English actor, writer and director

Chris Jury (born 28 September 1956) is an English actor, writer and director with a range of television credits. He is best known for his role as Eric Catchpole in the BBC television series Lovejoy, which he played between 1986 (series 1) and 1993 (series 5), with a brief return in 1994 (series 6), for the show's finale.

Jury studied Drama/English at Hull University and began working as an actor in the theatre with such names as Mike Bradwell, Danny Boyle and Anthony Minghella, and with companies as diverse as Hull Truck, the Bush and Stratford East.

Having made his name in Lovejoy, Jury was a strong contender to play the Seventh Doctor in Doctor Who in 1987, a role which was ultimately cast with Sylvester McCoy. A year later, Jury appeared as a guest star in the story The Greatest Show in the Galaxy.

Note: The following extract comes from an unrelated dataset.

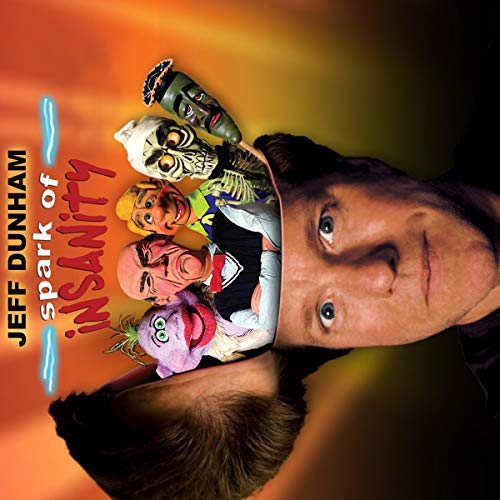 Jeff Dunham: Spark of Insanity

Through his own company, Picture That, in 1993 he produced and directed To Baldly Go, a short romantic comedy which was sold to Channel 4 in the UK, and also secured an international distribution contract, selling to numerous TV stations throughout Europe and the USA. After a brief spell working in drama script development at BBC Pebble Mill, in Birmingham, in 1996 he made two more short films for Picture That: Poppy's Present, which he produced and directed, and Puke Fiction (The Vomit Trilogy), which he wrote and directed.

Puke Fiction was shown in competition at the Ritzy Cinema in Brixton and won the Electric Pavilion Award, for Best Film, awarded by the Halloween Society. It was also chosen for a screening at the ICA as part of the 'Uncut' season of short films and was also shown in the 'British Shorts' section of the Manchester Film Festival and the Big Fix Festival in Birmingham.

His broadcast directing credits include Dream Team, Coronation Street, Crossroads, Family Affairs and over 40 episodes of EastEnders.
His writing credits include, The Dig, a two act comedy for the Cambridge Theatre Company, Mancini's Empire, One Inch of Heaven, Roeg's Rage, Wired, plus numerous episodes of The Bill and Doctors, Casualty and Holby City. He also appeared as teacher Mr Knowles in Grange Hill. In 2006 he moved into writing feature films including Human Resources.

He has lectured on scriptwriting and Film & TV production at the University Of West London, Leeds Metropolitan University, Bath Spa University, Ruskin College Oxford, University Of The Creative Arts.

He has been a trade unionist for over 40 years and a member of Equity, the Directors Guild of Great Britain (DGGB), Directors UK, University and College Union (UCU) and the Writers' Guild (WGGB). He was founding Chair of the Midlands TUC Creative & Leisure Industries Committee retiring in 2018. Before retiring he had been a member of the National Exec and Chair of the TV Committee of the DGGB, Branch Chair and South West Regional Executive Communications Officer of UCU, and a member of the TV Committee of the WGGB.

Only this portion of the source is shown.